Immediately after birth, the mother is still physically and psychologically at her most open. Her baby constitutes for her a powerful symbol of her motherhood, her individuality, her new family, the beauty and wonder of nature, and the perfection of her own body and her procreative powers. To hold, touch, gaze at her newborn unhindered is to internalize these messages, to incorporate her newborn through all her sensory channels into the transformed identity with which the mother will emerge from her initiation experience. Often this bonding experience is powerful and positive enough to entirely override, in the mother’s conscious perception of her birth experience, any negative feelings of powerlessness, humiliation, or pain she may have been experiencing before her baby’s birth.
The presence of the father at these very special moments of highest affectivity ensures that he too will be incorporated into the mother’s new sense of her identity, and she and the baby into his. True bonding, when it is allowed to occur in the hospital, conveys an extremely potent message of the integrity and worth of the family in relation to science, technology, patriarchy, and institutions–a message so powerful that it will often override all others in both parents’ memories of their birth. Given the perceived threats to the American family as the fundamental social unit posed by the high divorce rate, it would seem to be in society’s interest to foster this process, send this message. As with the routinization of father’s presence in the delivery room, routine bonding, insofar as it strengthens the beleaguered American family, strengthens society as well.

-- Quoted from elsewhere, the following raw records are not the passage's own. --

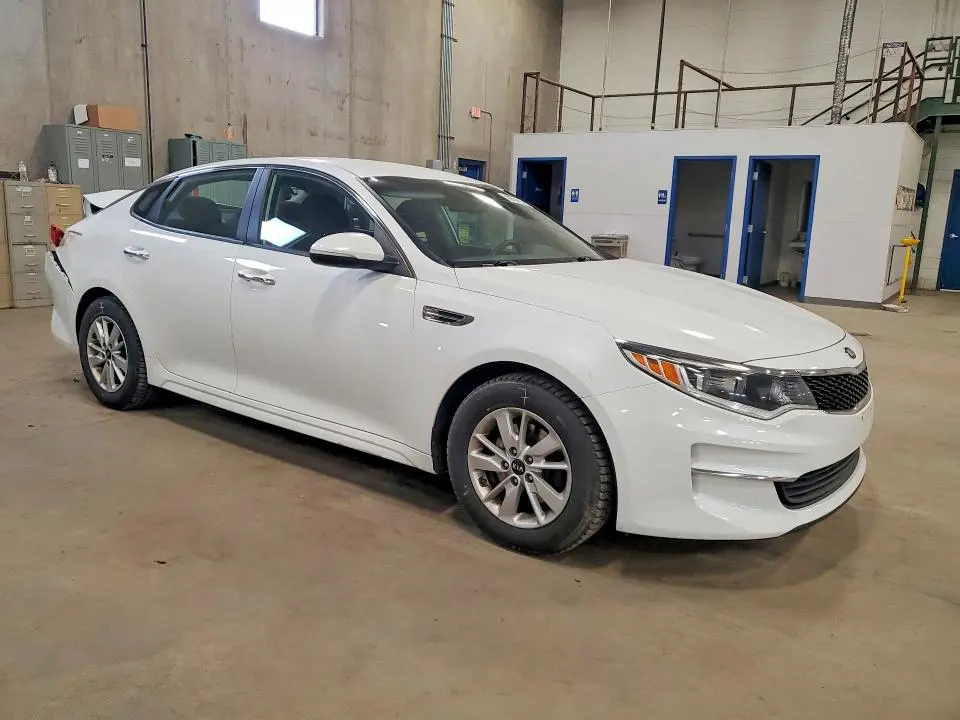 2018 KIA OPTIMA LX  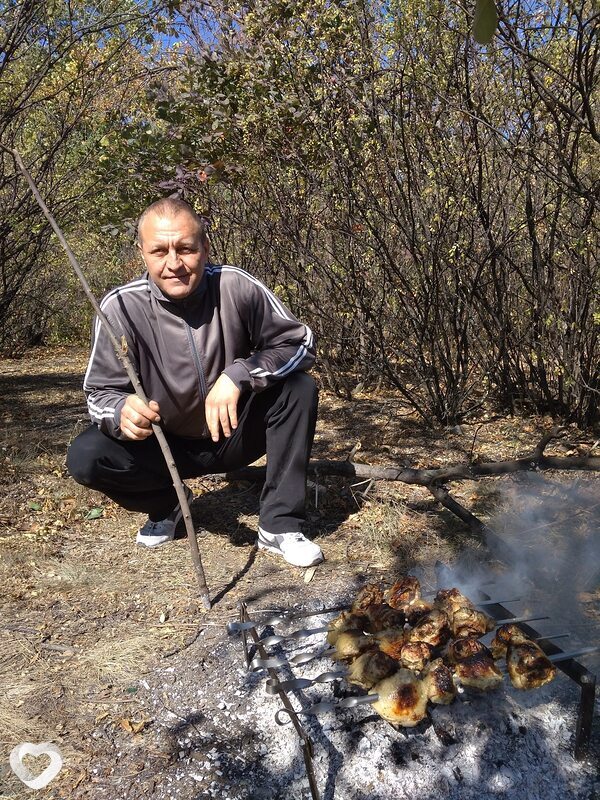 Валерий, 51, Луганске — анкета №3589226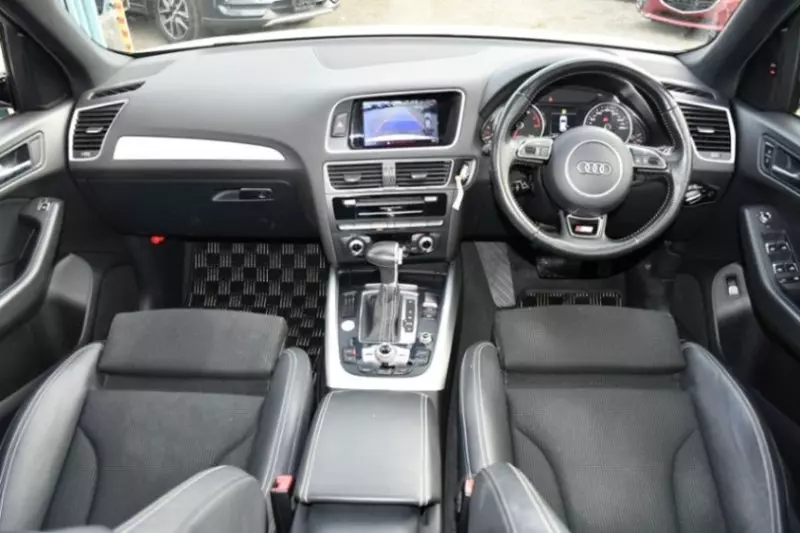 Audi Q5   - 2016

Nevertheless, some recent research that denies anything special about the period immediately after birth (Lamb 1982, 1983; Lamb and Hwang 1982; Myers 1984) is now being used to undo the work of the 1970s, so that in some hospitals that used routinely to provide such a period of togetherness, the baby is once again whisked away. The readiness of such institutions to do away with the bonding period seems to reflect an acknowledgment of its symbolic and psychological mystique and power. As I stated above, the symbolic ramifications of bonding are profound for both the mother and the father: all the efforts at conceptual separation of mother-machine from child-product made in hospital birth rituals can be completely undone in the mother’s psyche at that integrating contact. Time and again I heard women describe highly technocratic labor experiences that were alienating up until the moment of birth as “positive” and “wonderful” because of the intensity of the joy they experienced upon touching and gazing at their newborn babes.